**Exercise data:**
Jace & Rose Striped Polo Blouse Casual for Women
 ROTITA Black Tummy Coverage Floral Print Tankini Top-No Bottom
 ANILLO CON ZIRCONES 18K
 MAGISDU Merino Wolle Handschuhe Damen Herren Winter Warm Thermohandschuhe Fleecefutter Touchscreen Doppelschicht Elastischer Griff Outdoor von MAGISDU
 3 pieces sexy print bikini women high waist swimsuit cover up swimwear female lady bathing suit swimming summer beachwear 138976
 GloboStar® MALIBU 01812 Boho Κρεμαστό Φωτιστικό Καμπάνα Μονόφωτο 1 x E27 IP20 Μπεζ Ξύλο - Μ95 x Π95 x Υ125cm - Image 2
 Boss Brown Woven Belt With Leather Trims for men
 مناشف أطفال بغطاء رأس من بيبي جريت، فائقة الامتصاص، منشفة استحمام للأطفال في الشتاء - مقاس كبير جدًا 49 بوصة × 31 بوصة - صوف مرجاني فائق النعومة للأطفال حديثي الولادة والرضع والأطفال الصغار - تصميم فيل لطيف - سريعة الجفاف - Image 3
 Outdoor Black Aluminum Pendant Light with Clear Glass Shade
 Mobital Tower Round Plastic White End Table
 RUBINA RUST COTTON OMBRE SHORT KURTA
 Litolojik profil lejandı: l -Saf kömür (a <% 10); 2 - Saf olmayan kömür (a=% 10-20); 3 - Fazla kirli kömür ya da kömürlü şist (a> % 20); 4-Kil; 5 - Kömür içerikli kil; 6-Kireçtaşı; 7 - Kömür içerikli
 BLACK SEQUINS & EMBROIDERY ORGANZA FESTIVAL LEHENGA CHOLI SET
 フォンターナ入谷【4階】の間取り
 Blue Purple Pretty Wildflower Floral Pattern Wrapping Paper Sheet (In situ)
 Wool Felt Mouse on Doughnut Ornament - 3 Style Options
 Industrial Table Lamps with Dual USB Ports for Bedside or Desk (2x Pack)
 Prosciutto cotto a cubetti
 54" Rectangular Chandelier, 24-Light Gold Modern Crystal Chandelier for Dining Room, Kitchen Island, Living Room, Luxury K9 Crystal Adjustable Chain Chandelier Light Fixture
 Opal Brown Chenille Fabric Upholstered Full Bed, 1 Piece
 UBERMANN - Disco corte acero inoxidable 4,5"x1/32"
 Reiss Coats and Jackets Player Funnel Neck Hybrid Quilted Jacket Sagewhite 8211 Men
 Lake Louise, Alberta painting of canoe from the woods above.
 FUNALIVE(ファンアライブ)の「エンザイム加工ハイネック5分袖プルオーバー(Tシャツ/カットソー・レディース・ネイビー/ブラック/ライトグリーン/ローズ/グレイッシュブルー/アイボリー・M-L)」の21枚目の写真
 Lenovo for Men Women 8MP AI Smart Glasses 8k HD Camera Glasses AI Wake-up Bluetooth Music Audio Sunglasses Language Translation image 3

**Exercise requirements:**
Return every line of the material in which the word "Floral" is found.

**Output below:**
 ROTITA Black Tummy Coverage Floral Print Tankini Top-No Bottom
 Blue Purple Pretty Wildflower Floral Pattern Wrapping Paper Sheet (In situ)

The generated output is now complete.